You can have a static column whose value is shared between all rows that have the same partition key.

Paging

You can use LIMIT to restrict the maximum number of rows return (but then there is no way to read the remaining ones) or use PAGING to make the client fetch automatically only a certain amount of rows and request more once you consumed them. In the Java client you can also manually do fetchMoreResults() before you consumed all of them to avoid extra latency.

TTL

Deleting is something expensive in Cassandra. If you already know that your data has to be deleted after some time adding a TTL is much better because then all nodes either have the data with TTL or never have it.

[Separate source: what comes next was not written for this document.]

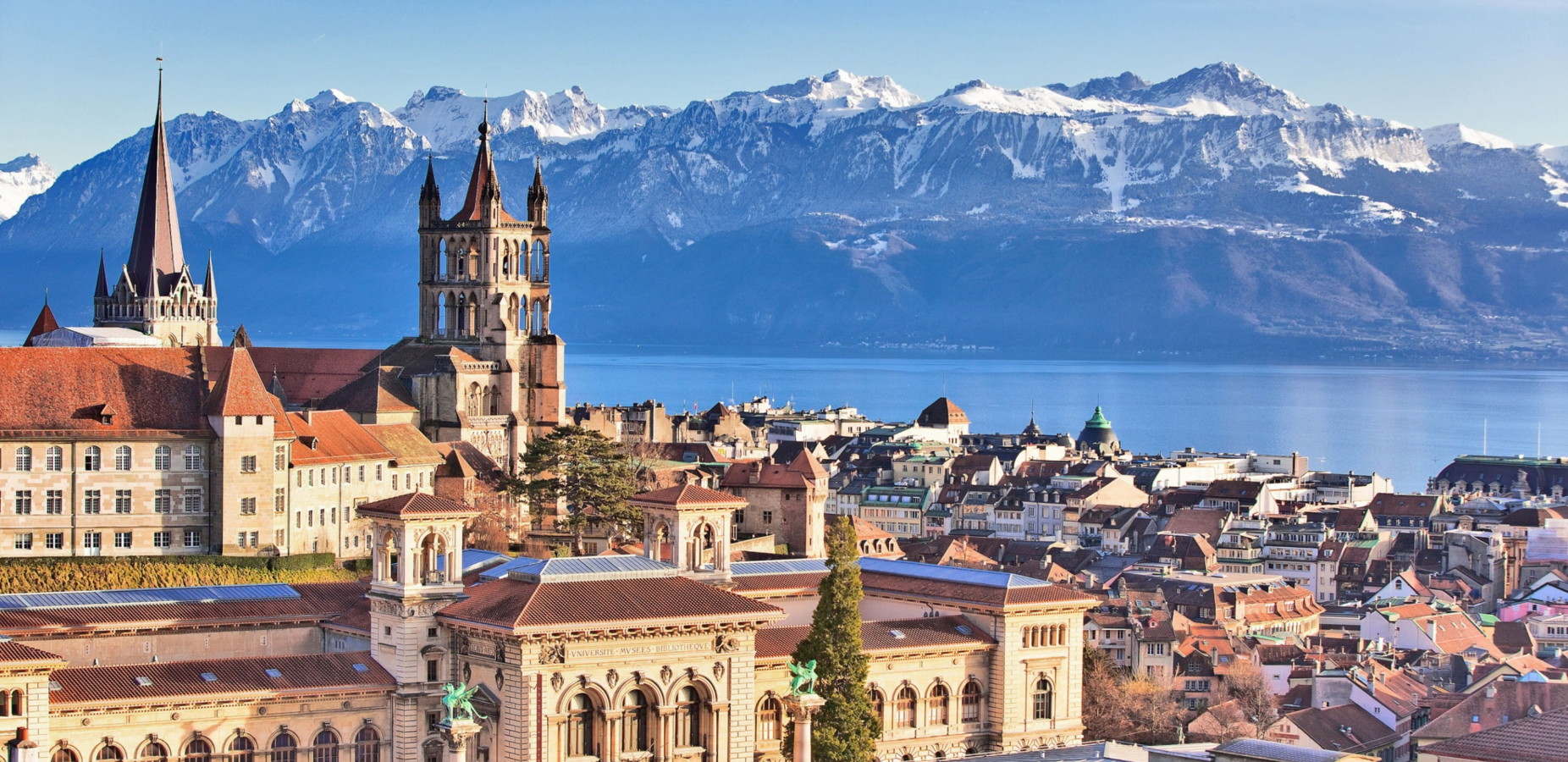 Lausanne
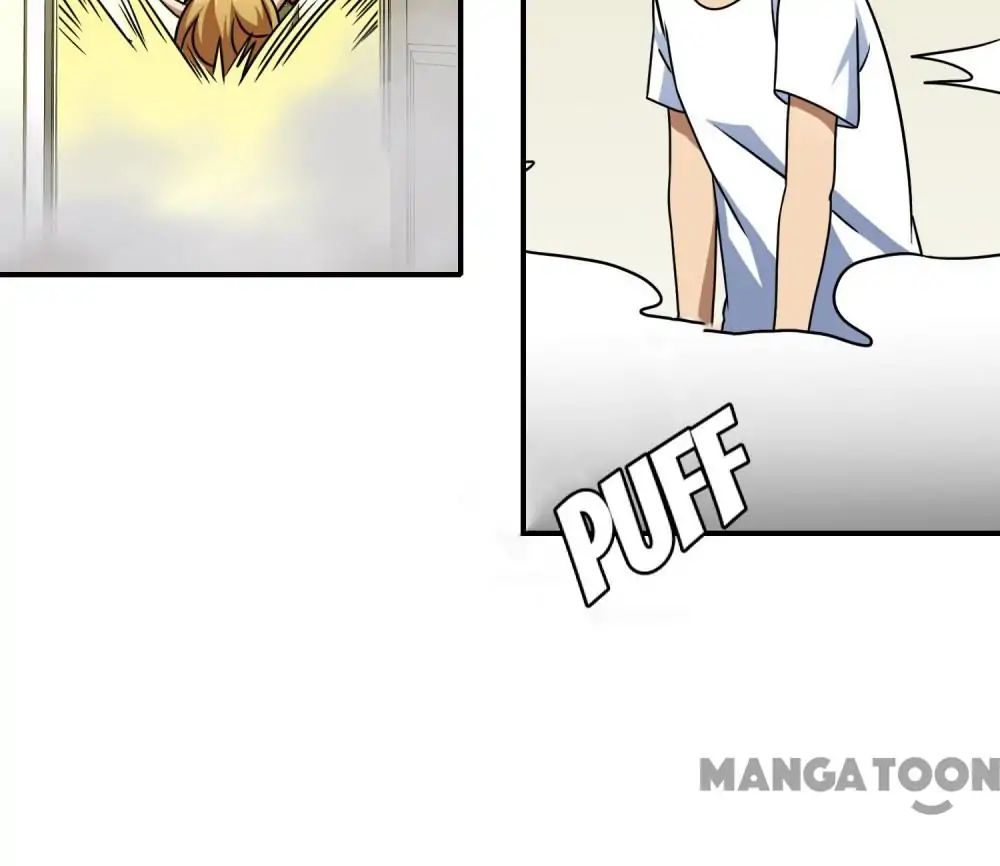 Your Modern White Knight chapter 55 - page 12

INSERT INTO keyspacetest2.people (id, name) VALUES(1, 'John') USING TTL 60;
SELECT TTL(name) FROM keyspacetest2.people;

Transactions

Inserts and Updates can be done conditionally

INSERT INTO keyspacetest2.people (id, name) VALUES(1, 'John') IF NOT EXIST;
UPDATE ... IF active='true'

This is also available in the Java prepared statement .ifNotExists()

The consistency level for such statements is by default stricter.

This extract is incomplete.